Biggest airlift in RAF history: Military crammed its huge C17 cargo planes to THREE TIMES capacity

The RAF today revealed it crammed more than 400 Afghans onto huge cargo jets – more than three times the aircraft’s normal capacity – during its evacuations flights from Kabul that ended on Sunday.

One RAF C-17 had 436 people aboard, which 99 Squadron said was the biggest capacity flight in RAF history, although the US Air Force managed to get 823 people aboard the same model of aircraft during the evacuation.

However, despite the packed flights Britain has left at least 1,000 people behind and ministers admit they have ‘no idea’ how many Afghans with the right to come to the UK have been left to the Taliban after US President Joe Biden abandoned the country and did nothing as the government collapsed in weeks.

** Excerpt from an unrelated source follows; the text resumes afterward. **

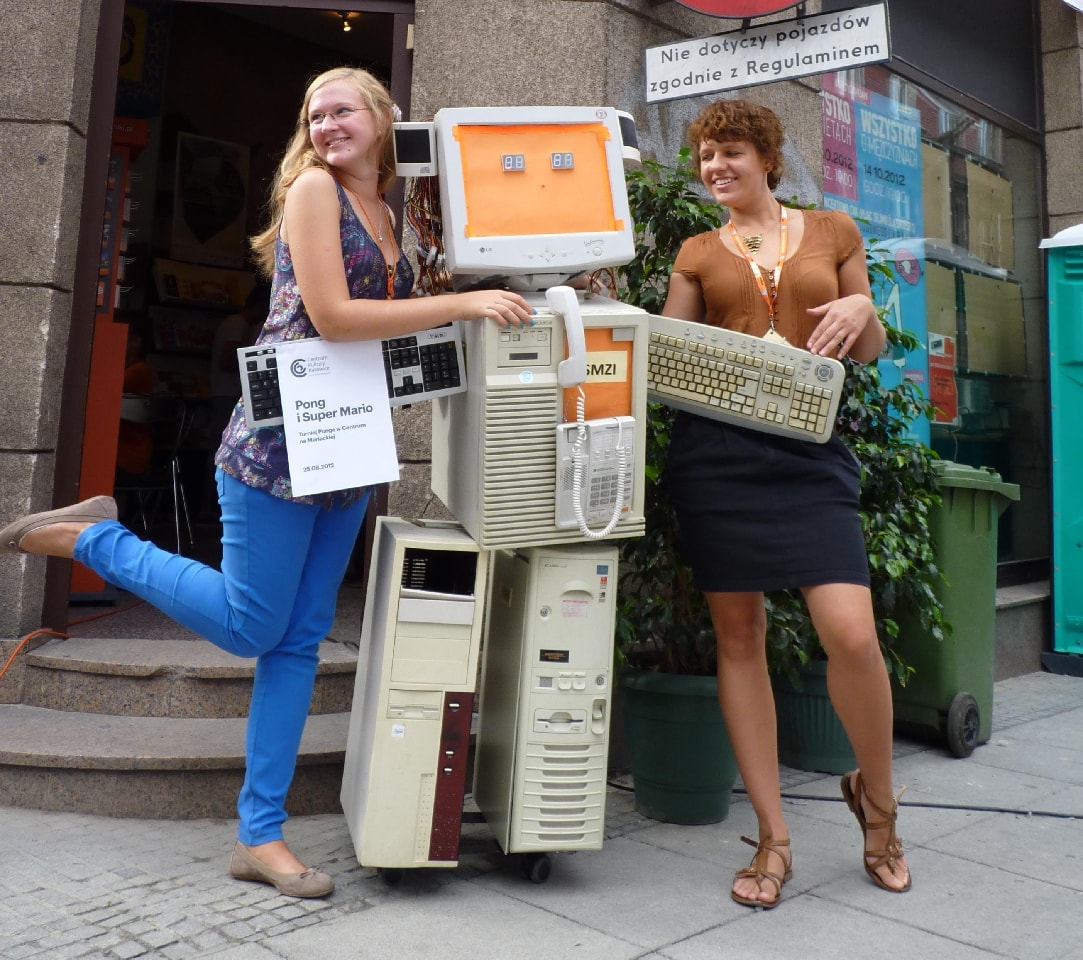 Zobacz, zagraj, posłuchaj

The UK says the Taliban has agreed to continue to let people out of the country, although ministers admit they are ‘skeptical’ about whether the hardline Islamist regime has any intention of honoring this agreement.

One interpreter who aided British troops for years said he was turned away from the airport after waiting for four days and said today: ‘I just feel that they don’t care about us.’

Those left behind are now forced to try and make it out of the country by land via so-called ‘Uber escapes’ routes – the going rate is up to $25,000 for a seat on a bus to Pakistan.

Images emerged today showing how every inch of the hold of the RAF cargo planes have been filled with desperate Afghan refugees, British citizens and the meagre possessions they have been able to carry out of the country as it fell to the Taliban.  

In a tweet this morning, the RAF’s 99 Squadron, who have been flying the C-17s, tweeted: ‘Our normal limit for persons on board (POB) is a total of 138, which is limited by life raft capacity (46 x 3 or surge of 69 x 2 = 138 if one is damaged on ditching). 138 – 6 crew = 132 passengers. We more than tripled this on a daily basis for the last 2 weeks’.   

The US Air Force holds the record for the most number of people crammed onto a C-17 after one took off from Kabul to Qatar with 823 refugees aboard.

This is well above the official capacity, but the US crew decided to take the refugees after they forced their way aboard the jet in the early chaotic stages of the evacuation from Kabul.  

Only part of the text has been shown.